A Towering Replica Statue of Roman Emperor Constantine Lands in Rome

The sculpture was recreated from existing fragments and with modern modeling techniques.

The reconstructed monumental statue depicting Roman emperor Constantine the Great in the garden of Villa Caffarelli, part of the Capitoline Museums. Photo: Stefano Costantino/SOPA Images/LightRocket via Getty Images.

The Colossus of Constantine has returned to Rome, recreated from existing fragments with the help of latest 3D scanning and modeling technologies. Produced by the Madrid-based digital preservation nonprofit Factum Foundation, the statue was first exhibited at Fondazione Prada’s 2022 exhibition “Recycling Beauty.” Early this month, the 42-feet-tall, 1:1 facsimile of the Colossus arrived in Rome, and will remain in the garden of Villa Caffarelli of Musei Capitolini at least until 2025.

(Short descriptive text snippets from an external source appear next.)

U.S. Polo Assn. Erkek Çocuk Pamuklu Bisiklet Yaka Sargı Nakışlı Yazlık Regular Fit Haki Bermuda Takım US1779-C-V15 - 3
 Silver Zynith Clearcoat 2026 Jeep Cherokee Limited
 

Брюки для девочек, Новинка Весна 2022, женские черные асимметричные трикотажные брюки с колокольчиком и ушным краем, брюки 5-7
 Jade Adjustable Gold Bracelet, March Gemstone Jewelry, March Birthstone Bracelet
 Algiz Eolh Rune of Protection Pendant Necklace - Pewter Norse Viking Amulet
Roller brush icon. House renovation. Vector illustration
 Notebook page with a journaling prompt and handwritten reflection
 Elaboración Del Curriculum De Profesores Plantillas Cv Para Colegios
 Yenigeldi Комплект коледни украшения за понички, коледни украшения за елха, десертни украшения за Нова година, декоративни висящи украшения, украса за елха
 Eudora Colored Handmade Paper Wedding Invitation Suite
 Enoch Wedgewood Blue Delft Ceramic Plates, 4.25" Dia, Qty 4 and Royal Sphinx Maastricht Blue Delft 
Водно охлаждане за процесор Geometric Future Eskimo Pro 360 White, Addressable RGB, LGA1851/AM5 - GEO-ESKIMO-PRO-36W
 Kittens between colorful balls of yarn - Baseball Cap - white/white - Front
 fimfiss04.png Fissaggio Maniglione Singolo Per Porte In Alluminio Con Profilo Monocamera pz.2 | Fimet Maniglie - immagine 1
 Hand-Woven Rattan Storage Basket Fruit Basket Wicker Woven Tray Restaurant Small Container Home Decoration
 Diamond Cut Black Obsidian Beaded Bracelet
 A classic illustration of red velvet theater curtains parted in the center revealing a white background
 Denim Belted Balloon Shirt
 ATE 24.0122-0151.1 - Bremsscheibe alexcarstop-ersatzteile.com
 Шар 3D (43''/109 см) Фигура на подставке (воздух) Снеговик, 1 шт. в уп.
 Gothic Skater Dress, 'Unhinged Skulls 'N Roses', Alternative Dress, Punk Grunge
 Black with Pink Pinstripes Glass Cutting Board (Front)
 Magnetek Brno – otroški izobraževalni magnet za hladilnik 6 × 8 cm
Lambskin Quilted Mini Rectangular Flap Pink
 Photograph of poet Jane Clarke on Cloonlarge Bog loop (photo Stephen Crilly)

It is believed that the original Colossus, commissioned by the emperor Constantine and produced between 313 and 315 C.E. was itself a “remake,” adapting a pre-existing pagan statue. Placed in the Basilica of Maxentius, it commemorated the rule of emperor Constantine, marking his and the Roman Empire’s conversion from paganism to Christianity. This was also where the marble fragments used in the recreation of the Colossus were discovered in the 15th century, now on view at the Palazzo dei Conservatori in Rome. Missing parts of the monumental seated figure are thought to have been pillaged for bronze sometime in the late Antiquity.

The surviving portions of the statue of Roman Emperor Constantine the Great on view in a courtyard of the Capitoline Museums. Photo: Stefano Costantino/SOPA Images/LightRocket via Getty Images.

Fragments from Rome and one chest fragment from the Parco Archeologico del Colosseo were scanned using photogrammetry and a LiDAR scanner, technologies increasingly popular in heritage preservation and conservation. Missing parts of the statue were modeled by 3D sculptor Irene Gaumé in consultation with experts and curators at the Musei Capitolini and with reference to coeval statues from Ara Pacis Museum, the State Hermitage Museum in Saint Petersburg and the Museo Nazionale Romano.

In place of the original white marble and bronze clad onto a brick and wood structure, the facsimile features contemporary materials and techniques. 3D printing, reinforced resin, polyurethane, marble dust, aluminum, gold leaf, and plaster were combined to produce a durable facsimile that closely imitates original materials, Factum Foundation reported in an extensive write-up.

Detail of replica of the statue Roman Emperor Constantine that was rebuilt using 3D technology. Photo: Stefano Costantino/SOPA Images/LightRocket via Getty Images.

Digitally reconstructed parts of the statue were visually distinguished from facsimiles made from scanned fragments. “We’re not trying to build a fake object,” the founder of Factum Foundation Adam Lowe told the New York Times. “We’re trying to build something that physically and emotionally engages and that intellectually stimulates you.”